For many VCs, especially those using a “spray and pray” strategy or doing early-stage investment, maintaining the prestige around founders feeds into their ability to get large amounts of startup equity for relatively small investments of money. The “cult of personality” that develops around startup founders and the mythical image that accompanies the role of being a “founder” also helps to justify the often disproportionate wealth, fame, access and power they may attain, and ensure that this wealth remains distributed across a relatively small group of people. Regarding the idea of running startups as a “glamorous” thing, most of the “non-glamorous” labor in startups is disproportionately performed by people from marginalized and underrepresented groups in tech – therefore it is de-valued and even made “invisible” by the dominant narratives.


Because these groups are massively discriminated against by venture capital and the industry, because they have less access to the wealth, access and resources needed to bootstrap a company, and because of higher tolls on their time and energy, these groups start companies less and thus can’t attain the founder position in the first place. Also, people from marginalized/underrepresented groups aren’t given the prestige, respectability and access granted to many founders anyways, even when they DO start their own companies.

Deconstructing the Trifecta

These mythologies all work in concert. The tropes elevating programming talent feed into the prestige given to founders. The glamorous image of founders and startups helps feed the myth around the “get rich quick” trap of startup equity. The privileging of technical talent influences who gets to become founders; and those founders help determine who even has a shot at what is often termed the “startup lotto.”

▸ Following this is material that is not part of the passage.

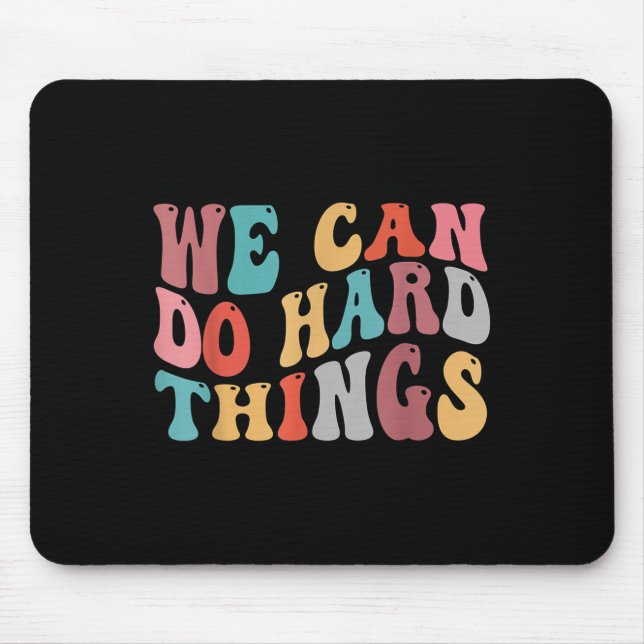 We Can Do Hard Things Groovy Retro Motivational Qu Mouse Pad (Front)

A middle aged white man in a zip polo sweater points to a male young engineer, lecturing him.

A power relationship in a scene from HBO’s Silicon Valley

These myths also have motivations in common – often, they can conceal, justify or distract from actual or perceived tensions and power relationships – whether it be between VCs and potential founders, non-technical and technical employees, or management and the workforce.

Ultimately, understanding what the mythologies are vs. the reality, how these myths are created and propagated, how they work together, and how they disproportionately punish and exclude minorities in tech is critical to tearing down some of the structure underlying tech’s inequalities.